Grackle Call: The setting of a gem (2018)
GRACKLE CALL from Steve Parker.
Steve asked me to contribute to his piece, GRACKLE CALL, as part of the Fusebox Festival.
I started by getting up before sunrise for eight weeks and making recordings of grackles.
Along the way I taught a workshop on the technical and aesthetic roots of field recording, took a birding workshop with Martin Byhower, and ended up creating an eight-channel installation at Patterson Park Pavilion in which to play the recordings back.
You can see the installation in the video above, from 2:00 to 2:40.
The title refers to the idea that a field recording, like a gem, is defined by the context in which it is experienced or used. A diamond may be part of a cutting tool, or part of a beautiful piece of jewelry. Similarly, a field recording can be an incriminating piece of evidence, a cherished memory, or wholly or in part a piece of art.
I also contributed this text piece to the GRACKLE CALL zine.
As an admirer of their blue-black feathers, Emperor Auitzotl brought the great-tailed grackle to Tenochitlan from the eastern provinces of Mexico in the late 15th century. He called them teotzanatl (divine/genius/marvelous grackle) and insisted that they be fed and protected from human interference.
It's likely that Auitzotl collected and protected grackles out of vanity; he wanted exclusive access to clothing made out of the feathers. Whatever his motivation, their protected status helped grackles wreak havoc: fucking and eating their way to establish an empire of their own that stretches from Iowa to South America.
Grackles don't have the good taste to communicate in a pitch range or timbre that most of us would find musical. They are not the gentle creatures of the forest who lighten our ennui with a song. With the fixed gaze of a street preacher on meth, they heckle us with a harsh rattle that mocks us and all we care about. The omnaepoetic word grackle is really the perfect name for this bird.
The territorial call of a grackle opens with the sound of a metal fence being torn apart by a tow chain, builds into a piercing siren, hacks up half a lung through the parched lips of a desert pariah, then closes with a leering whistle as loud as an air raid siren. It's almost too much to understand, too much information to take in for so short a time.
Hearing the call is like hearing the handshaking sound of a vintage modem, communication from an alien mind with logic and priorities we could never parse.
Grackles don't have the aesthetic discipline to die a fragile, beautiful death when confronted with an encroaching urban environment. They refuse to be martyred to your human cause of saving the world for them. They may be trying to make it clear that they are beyond saving.
They like the spoils of gentrification. Grackles jockey for strategy and a good viewpoint, figuring out where the best perches are, which cars to shit all over, where the tastiest bugs are.

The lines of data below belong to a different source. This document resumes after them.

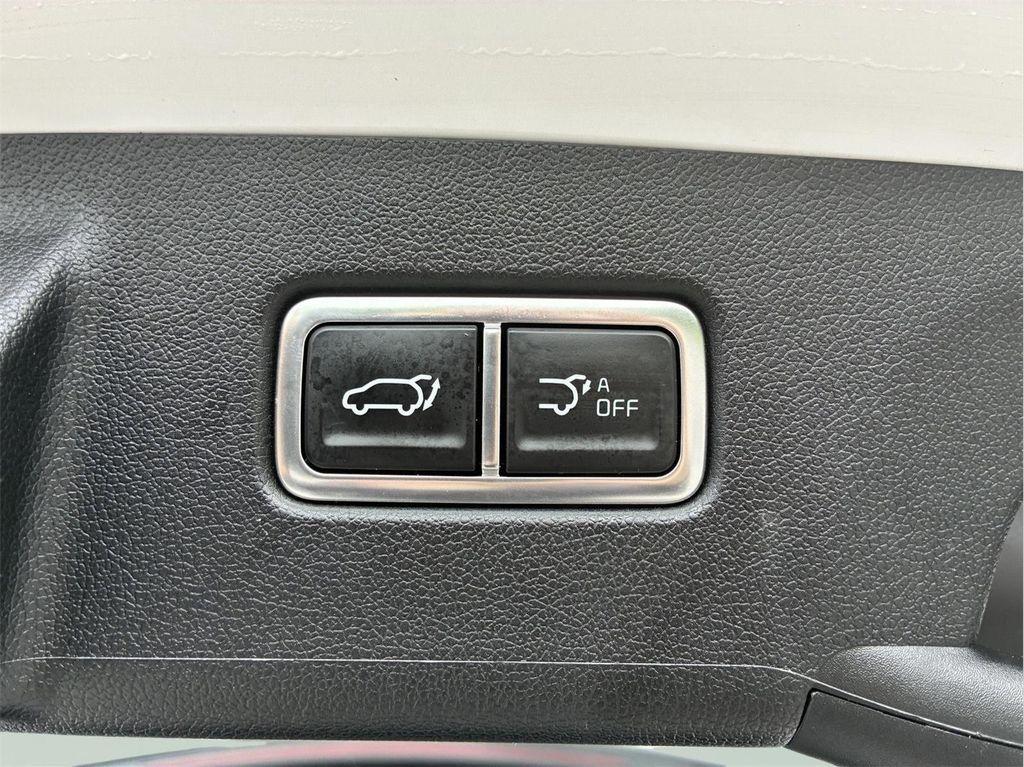 used 2025 Kia Sorento car, priced at $36,702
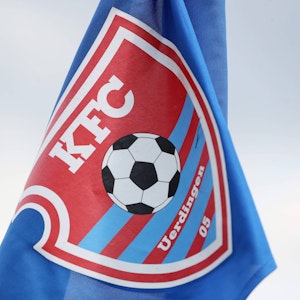 Fahne mit dem Vereinswappen des KFC Uerdingen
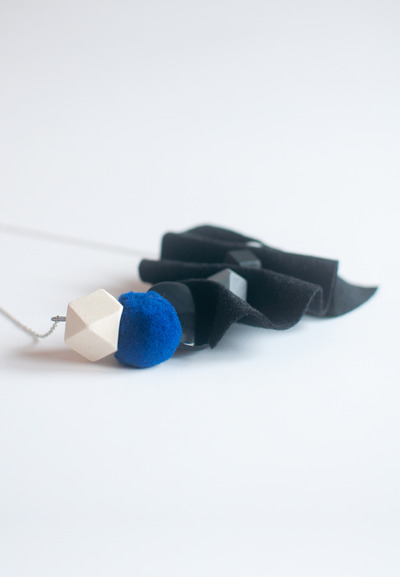 Black Wool Felt Necklace NL0936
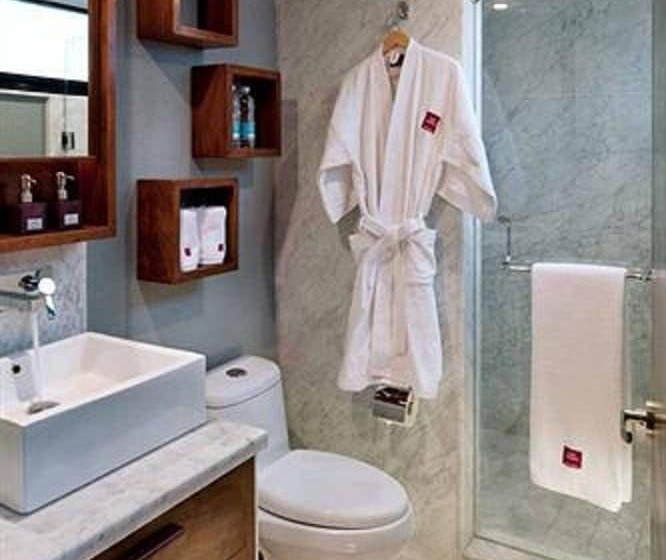 سوئیت پریمیوم, Las Suites Campos Eliseos
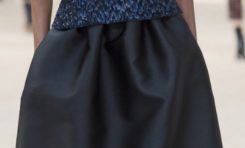 HAUTE COUTURE, GRAND PALAIS, TOUR EIFFEL : LA MAISON CHANEL  PRÉSENTE UNE COLLECTION CLASSIEUSE, D’UNE GRANDE SOBRIÉTÉ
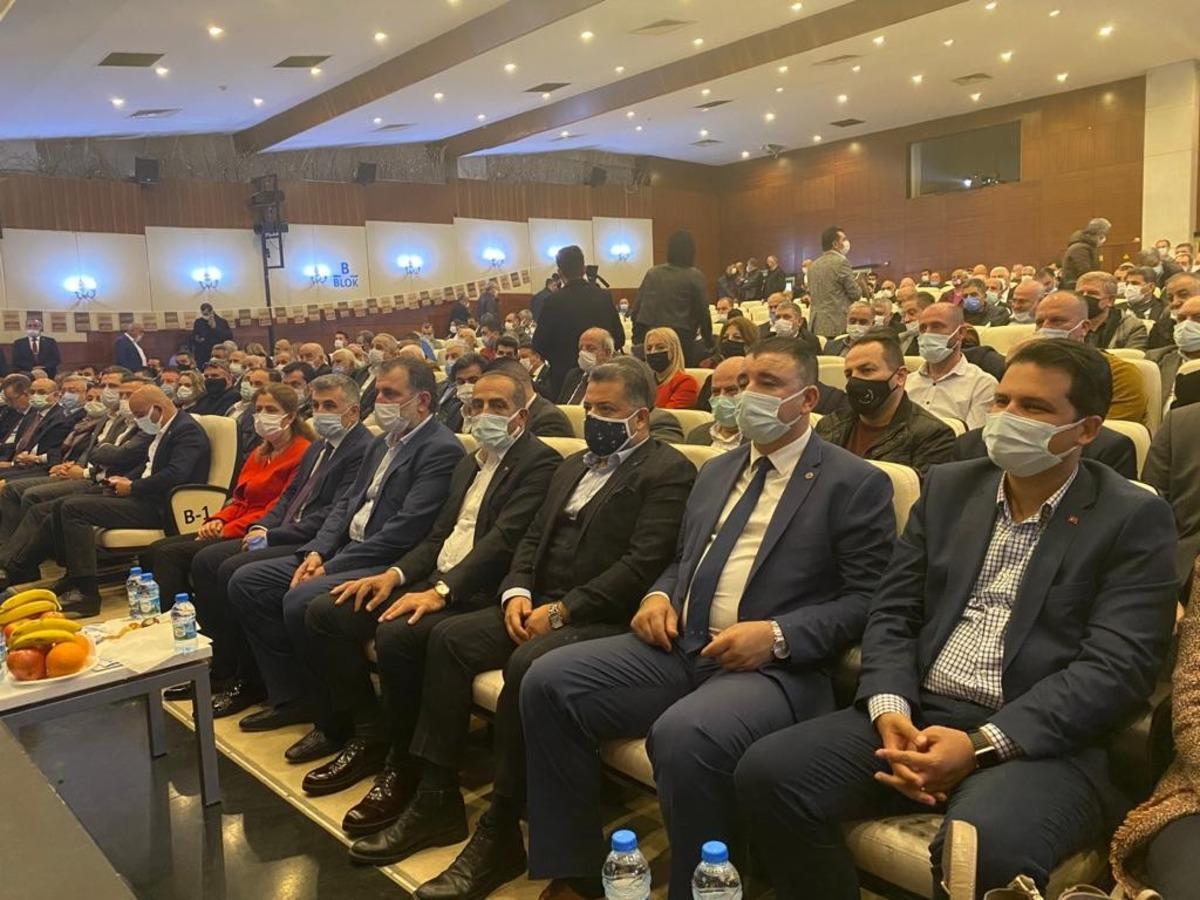 İzmir Mardinliler Federasyonunda Ahmet Tun&ccedil; g&uuml;ven tazeledi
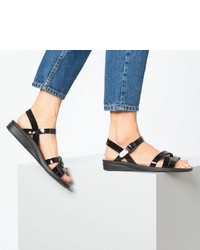 schwarze flache Sandalen aus Leder von Ganter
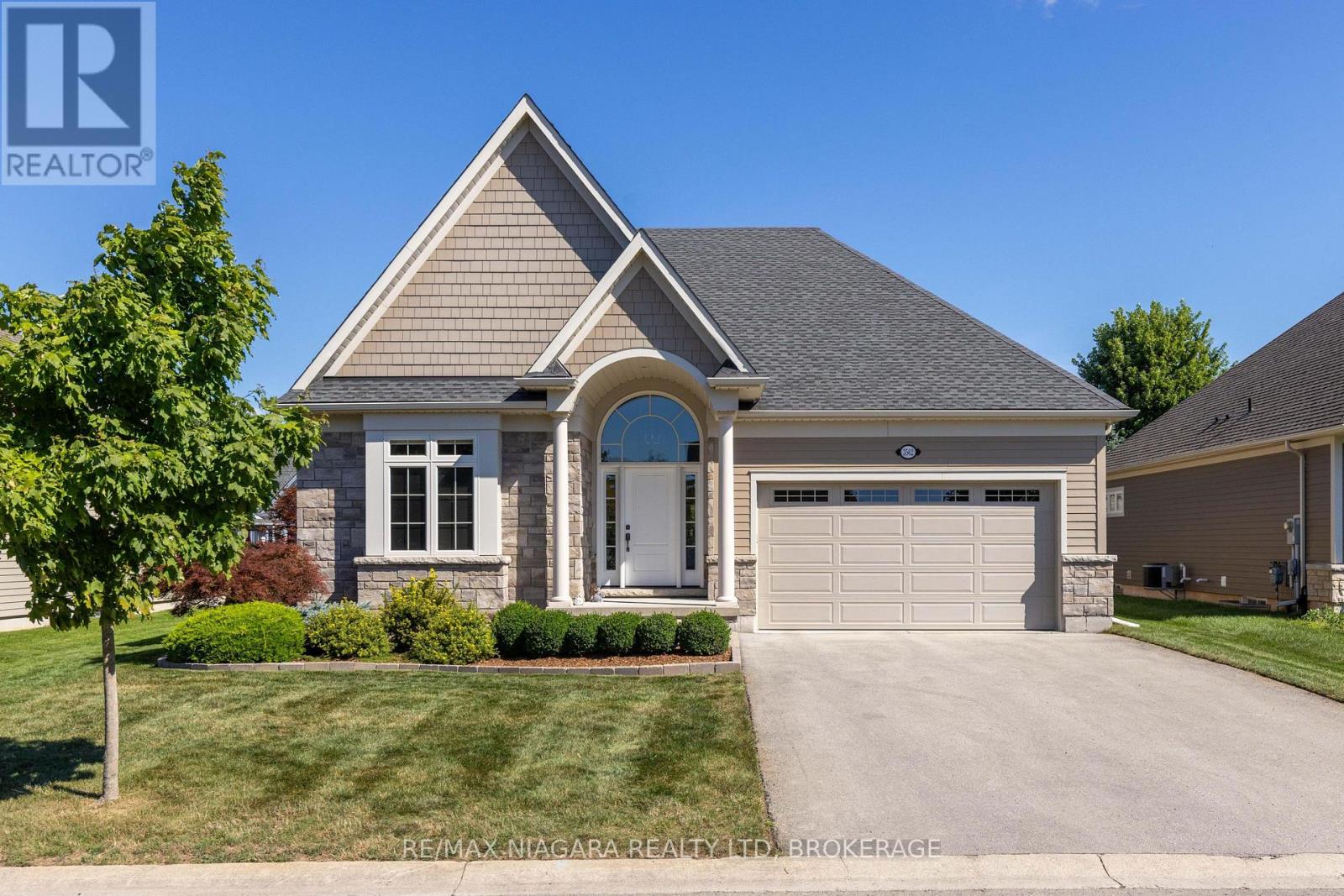 3562 ALGONQUIN DRIVE - 1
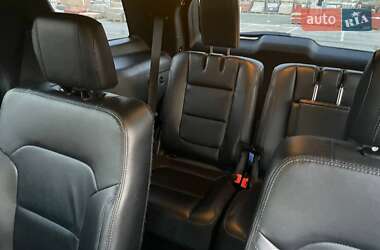Позашляховик / Кросовер Ford Explorer 2017 в 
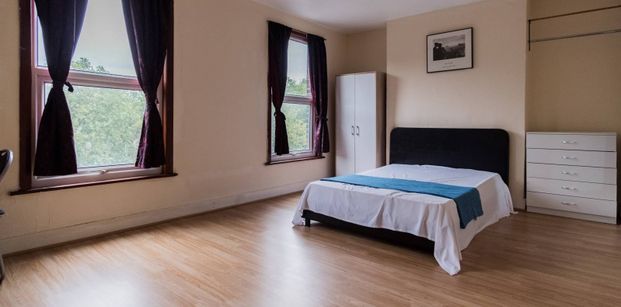 4 bedroom maisonette for rent - Photo 1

The conventional wisdom says that grackles live in parking lots and make horrible sounds to establish their territory, safely. The conventional wisdom, however, doesn't really explain the aberrant behavior of a grackle.
A perch above an acoustically reflective parking lot would be the best place for a grackle to break out your abrasive built-in noise generator, because it serves their art better. The perch above an asphalt surface at a distance of three meters or more would provide the artist with a distinct echo of its own call; the louder the initial call, the louder the echoed sound will be.
Grackles like the parking lot like you like to sing in the shower; the architecture puts a pleasing acoustic ambience around your voice, like a complimentary setting for a gem. This is the thrill of being a grackle, brilliantly blue-black, naked, out of harm's way, surrounding a captive audience with disorienting shrieks and echoes.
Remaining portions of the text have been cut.